### ASSIGNED TASK
Begin at the line containing "GRK Fasteners - 116728" and give again every line to the end of the records, exactly, without the pictures.

(Scraped caption text data)
== == ==

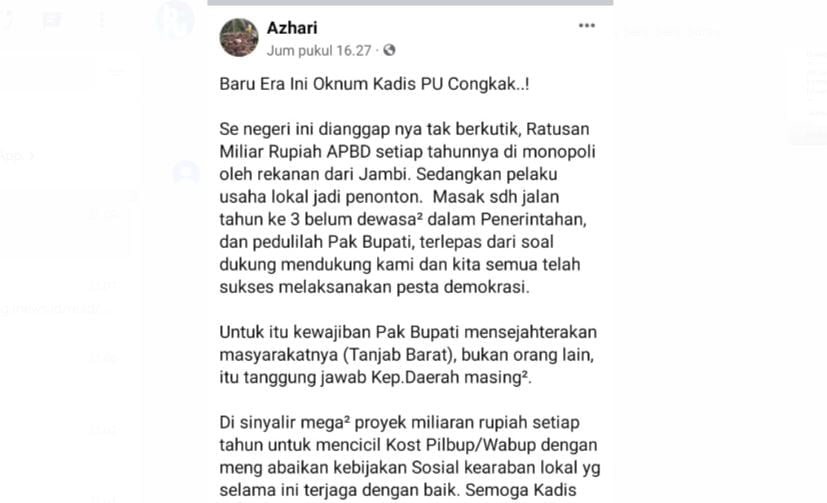 postingan-bujang-dewo-facebook SS facebook Bujang Dewo yang tersinggung saat diajak berkelahi oleh Kadis PUPR Tanjabbar Apri Dasman. Foto : SS Facebook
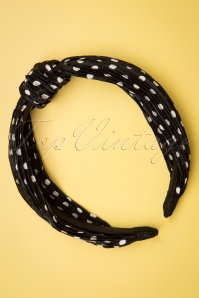 Banned Retro - Wanita Polka Dot-haarband in zwart 3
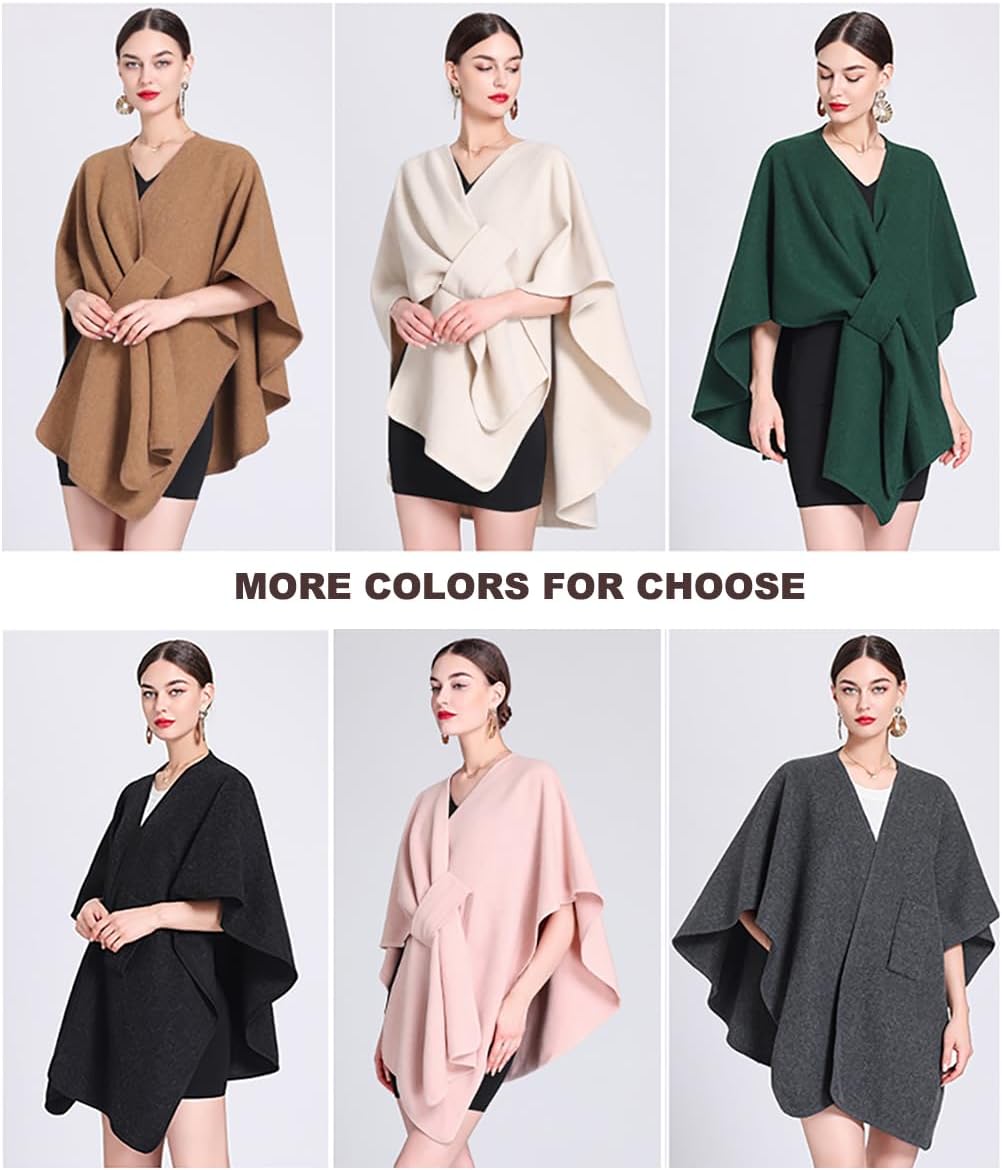 Women's Open Front Cardigan Shawls Elegant Solid Color Poncho Ruana Cape Plus Size Knit Wraps for Fall Winter - Image 7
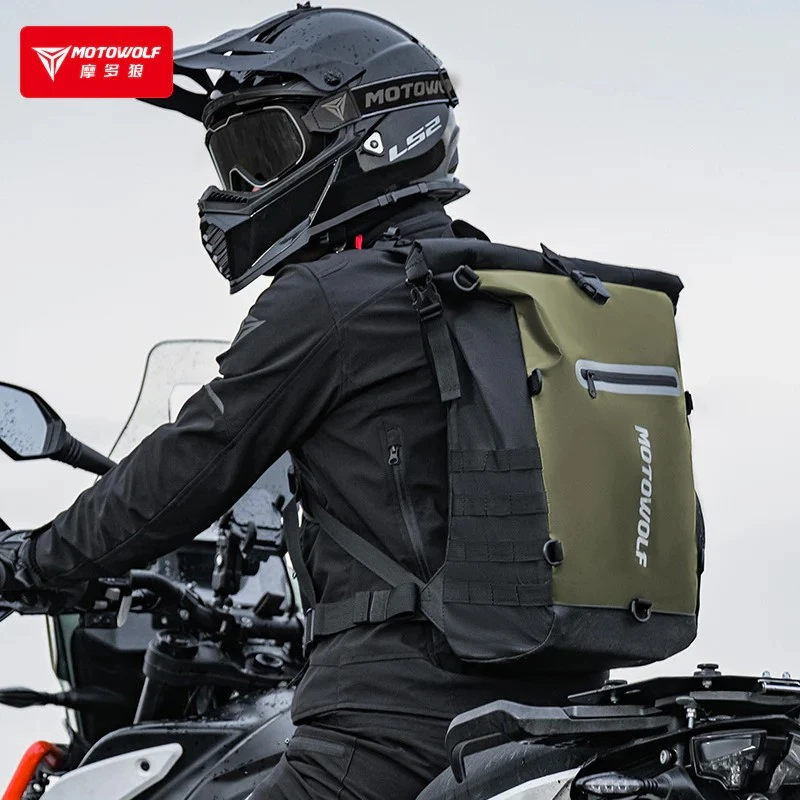 Kuprinė MotoWolf Army Žalias MB3AG, su integruota gertuve, 21 L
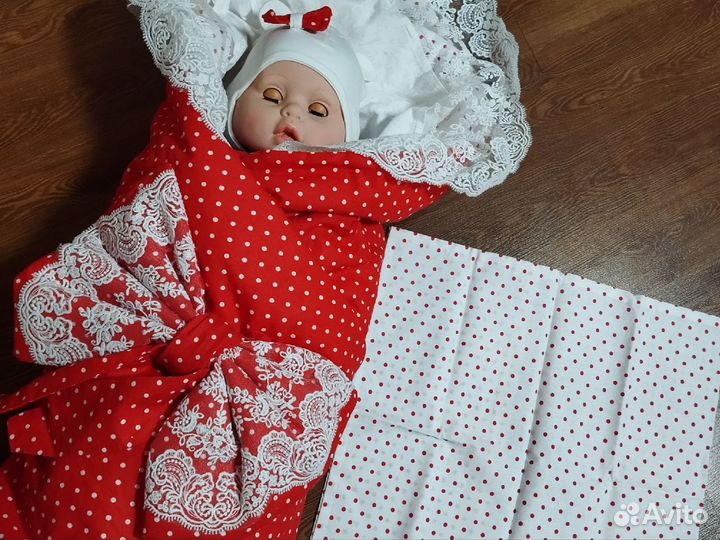 Конверт на выписку для девочки с наволочкой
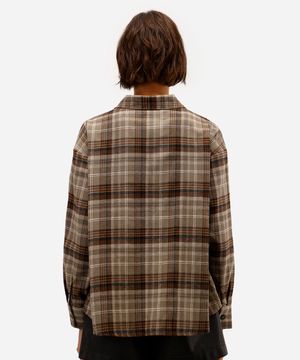 camisa feminina manga longa xadrez verde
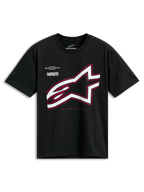Alpinestars Authority CSF Tee, t-shirt de manga curta, preta, logótipo Astars grande em branco com contorno cor-de-rosa, com o texto 'Alpinestars Protects' e 'Racing Ahead', streetwear casual de desportos motorizados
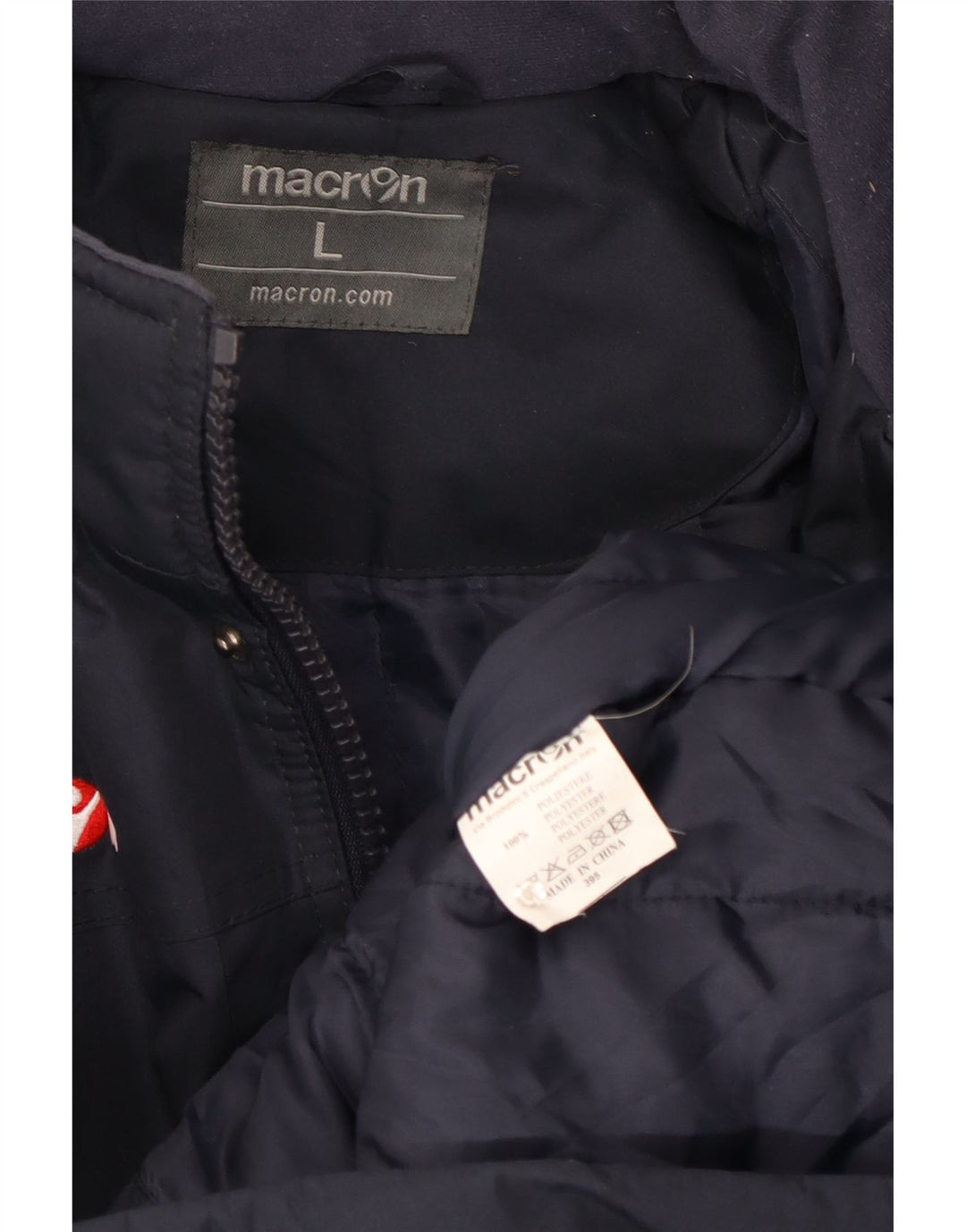 Macron Wattierte Herrenjacke mit grafischer Kapuze, UK 40, Größe L, Marineblau, Polyester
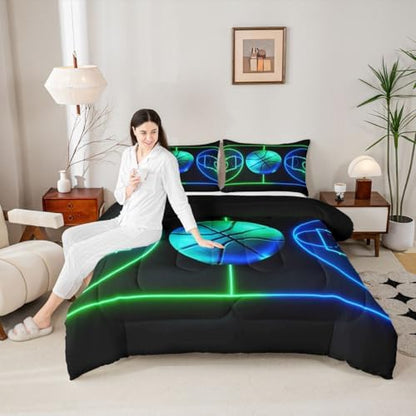 Basketball Comforter Set Twin,Sports Games Bedding Set 2Pcs for Kids Teens Boys Room Decor,Green Blue Neon Geometric Lines Basketball Court Pattern Duvet Insert with 1 Pillowcase, Black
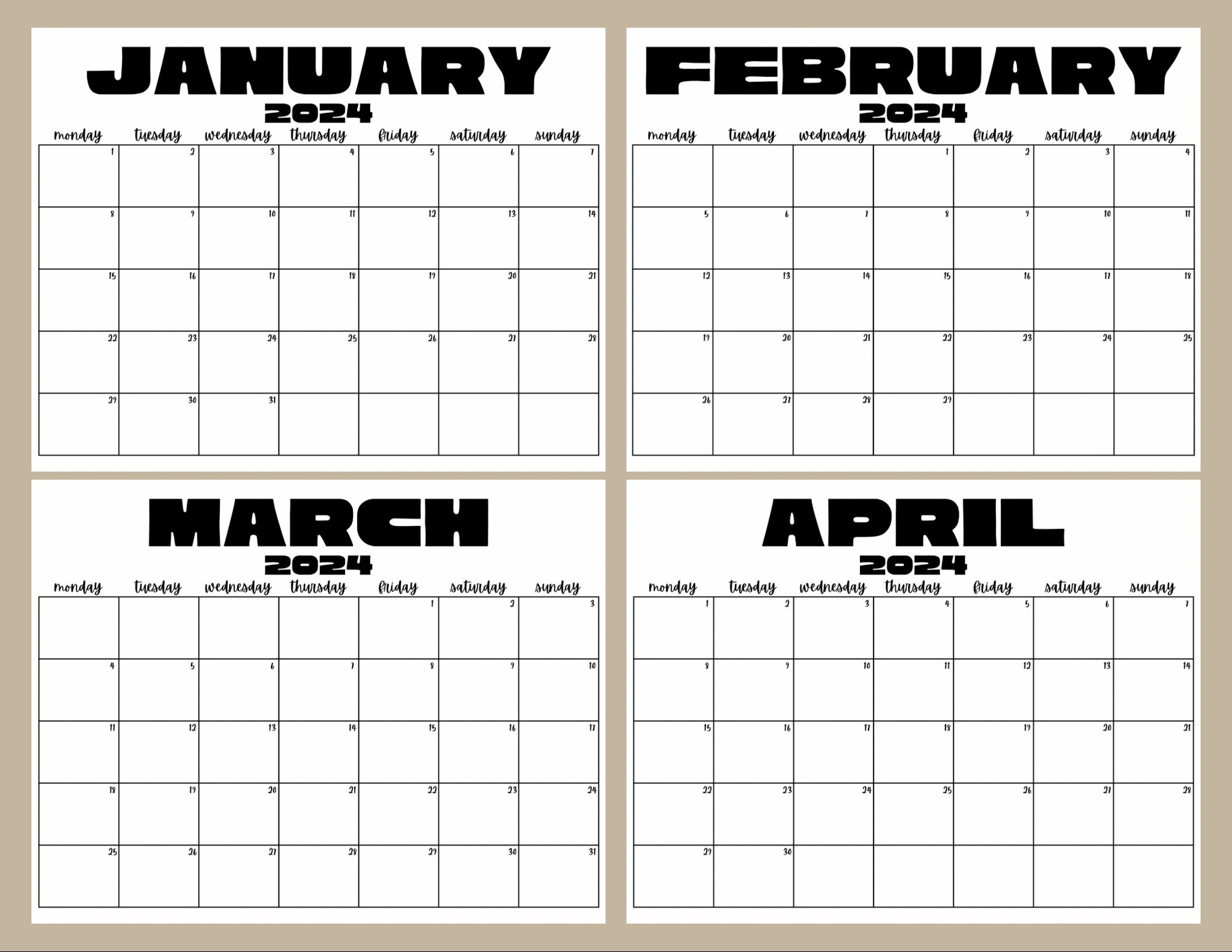 2024 Calendar 2024 Monthly Planner Landscape Simple and Minimalistic ...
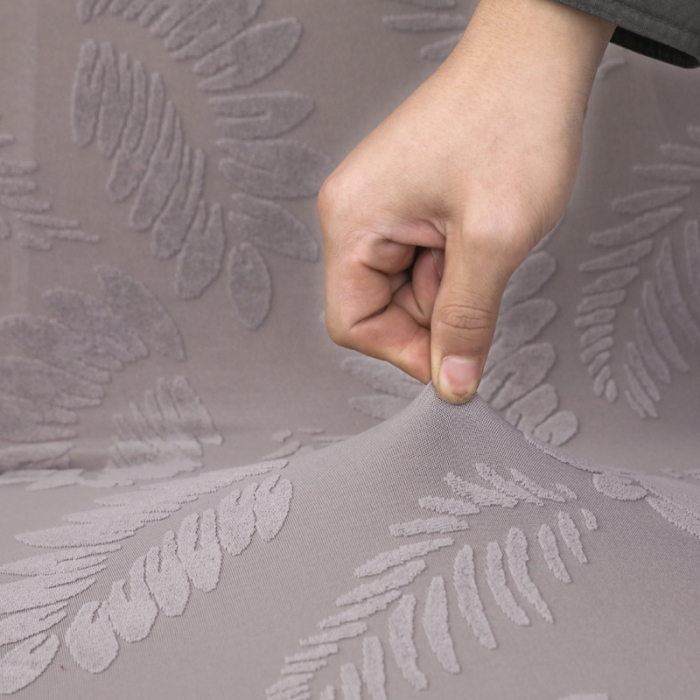 91家纺网 家纺一手货源 找家纺 兴妮雅2023新款大树叶防水弹力立体浮雕提花椅子套 浅灰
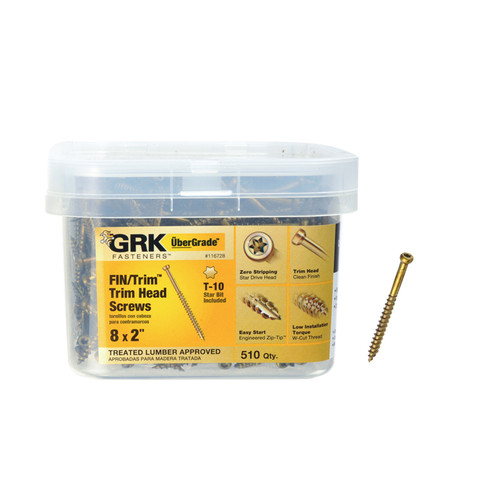 GRK Fasteners - 116728 - UberGrade No. 8 x 2 in. L Star Trim Head Construction Screws - 510/Pack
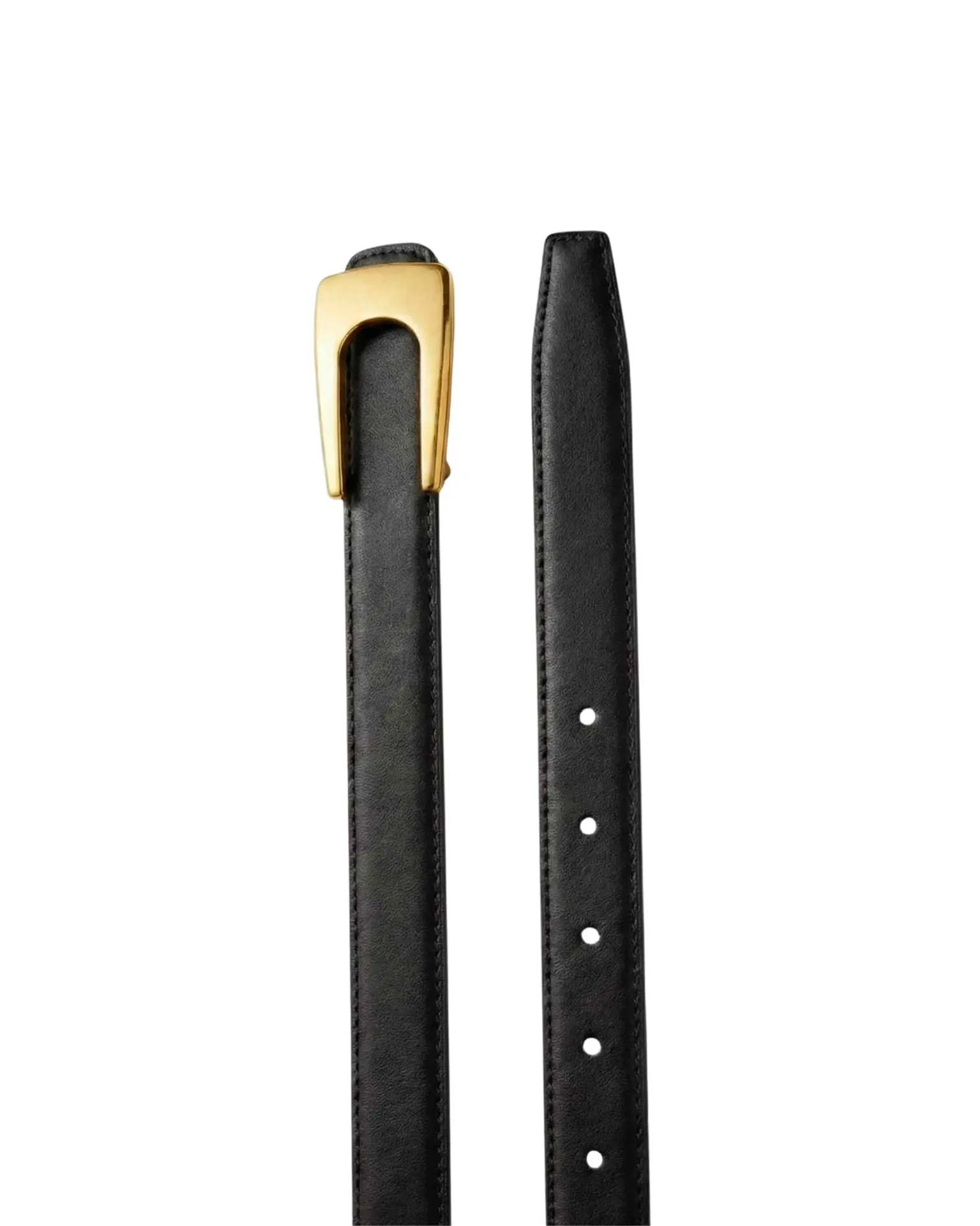 Black chic Skinny Women’s Belt with Matte Gold U-Buckle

== == ==

### SOLVED EXERCISE
 GRK Fasteners - 116728 - UberGrade No. 8 x 2 in. L Star Trim Head Construction Screws - 510/Pack
 Black chic Skinny Women’s Belt with Matte Gold U-Buckle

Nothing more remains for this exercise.